[Opening Recorded information section]

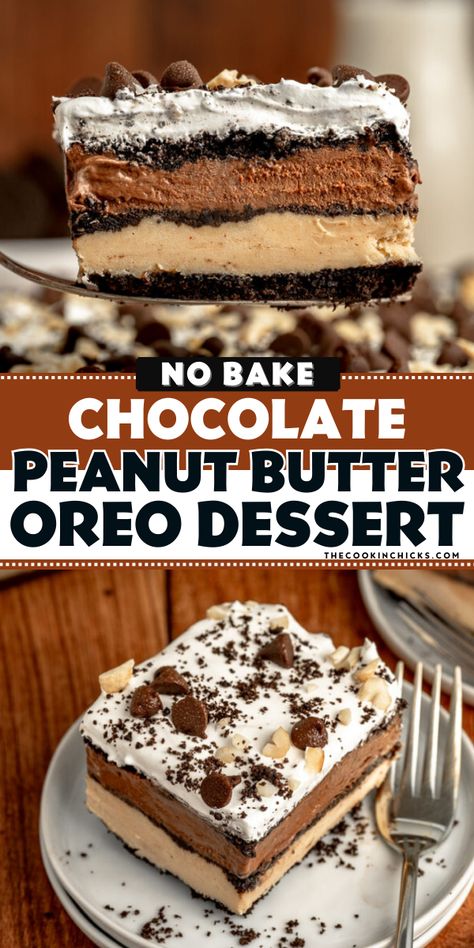 Try making this chocolate peanut butter dessert for a tasty Mother's Day treat! This chocolate peanut butter no bake Oreo dessert recipe is a fun little Mother's Day dessert idea, with the different flavors combining to make the ultimate dessert. Pin it now! Easy Dessert Recipes Peanut Butter, No Bake Chocolate Oreo Dessert, No Bake Peanut Butter Chocolate Cookies, Peanut Butter Dirt Pudding, Peanut Butter Desert Ideas Easy, Mother’s Day Desserts Chocolate, Chocolate Peanut Butter No Bake Dessert, Easy Reeses Dessert, No Bake Chocolate Peanut Butter Dessert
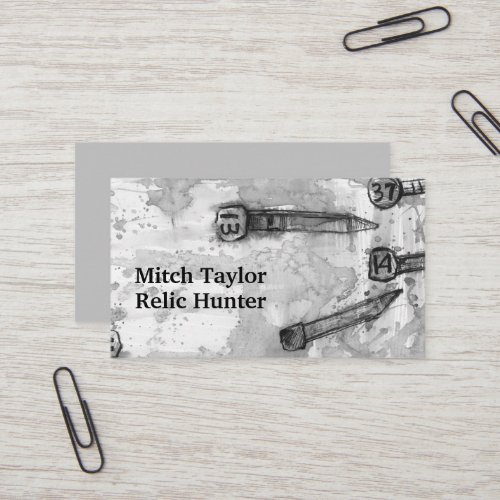 Metal Detecting Relic Square Railroad Date Nails Business Card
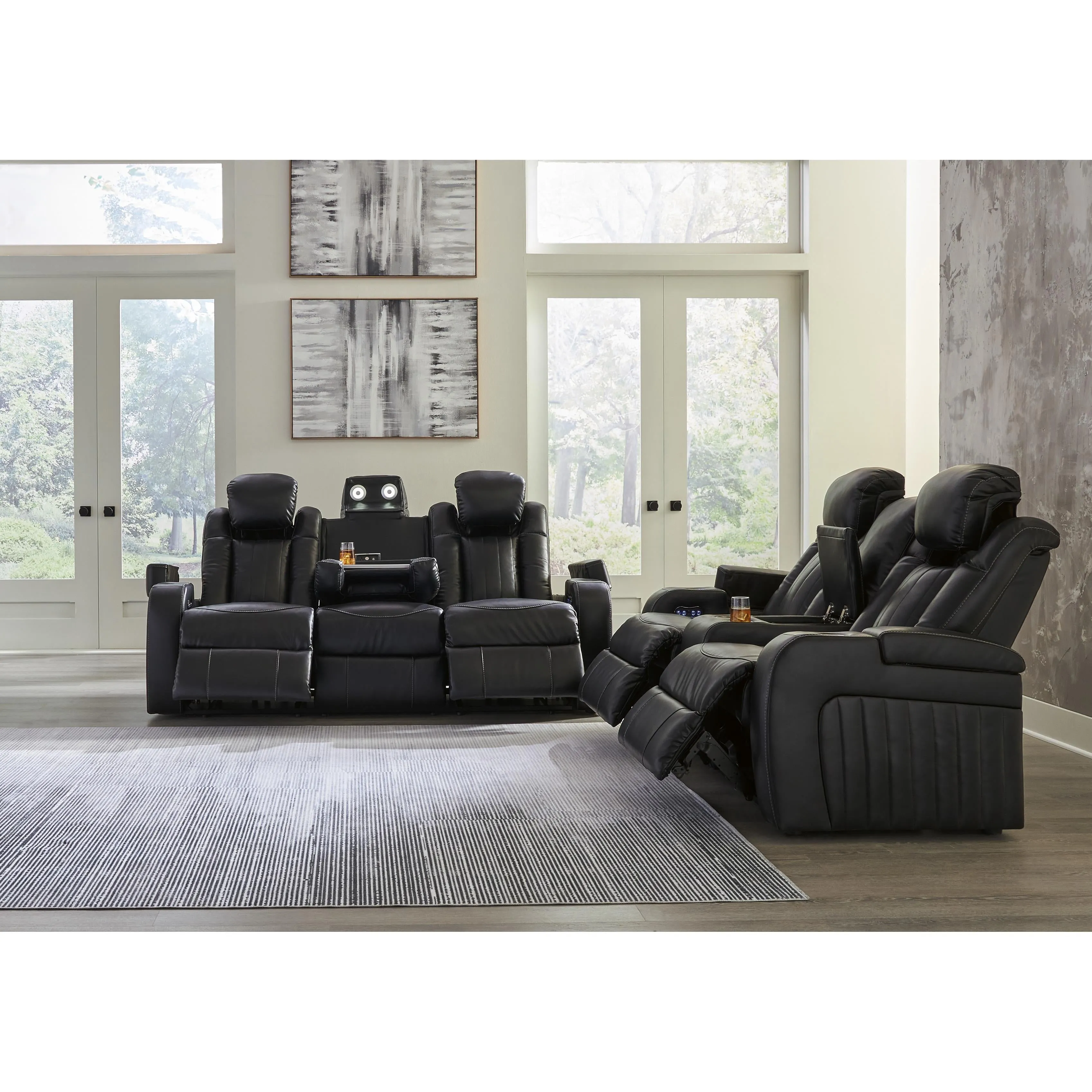 Signature Design by Ashley Caveman Den Power Reclining Leather Look Sofa 9070315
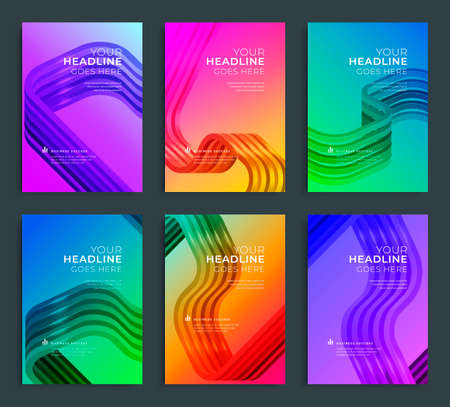 Modern abstract annual report, flyer design, brochure templates set. Vector illustration for business covers, corporate presentation banners. Geometric lines.のイラスト素材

[Closing Recorded information section]

**Work to complete:**
None of the pictures should appear; copy the rest of the material above exactly.

**Exercise result:**
 Try making this chocolate peanut butter dessert for a tasty Mother's Day treat! This chocolate peanut butter no bake Oreo dessert recipe is a fun little Mother's Day dessert idea, with the different flavors combining to make the ultimate dessert. Pin it now! Easy Dessert Recipes Peanut Butter, No Bake Chocolate Oreo Dessert, No Bake Peanut Butter Chocolate Cookies, Peanut Butter Dirt Pudding, Peanut Butter Desert Ideas Easy, Mother’s Day Desserts Chocolate, Chocolate Peanut Butter No Bake Dessert, Easy Reeses Dessert, No Bake Chocolate Peanut Butter Dessert
 Metal Detecting Relic Square Railroad Date Nails Business Card
 Signature Design by Ashley Caveman Den Power Reclining Leather Look Sofa 9070315
 Modern abstract annual report, flyer design, brochure templates set. Vector illustration for business covers, corporate presentation banners. Geometric lines.のイラスト素材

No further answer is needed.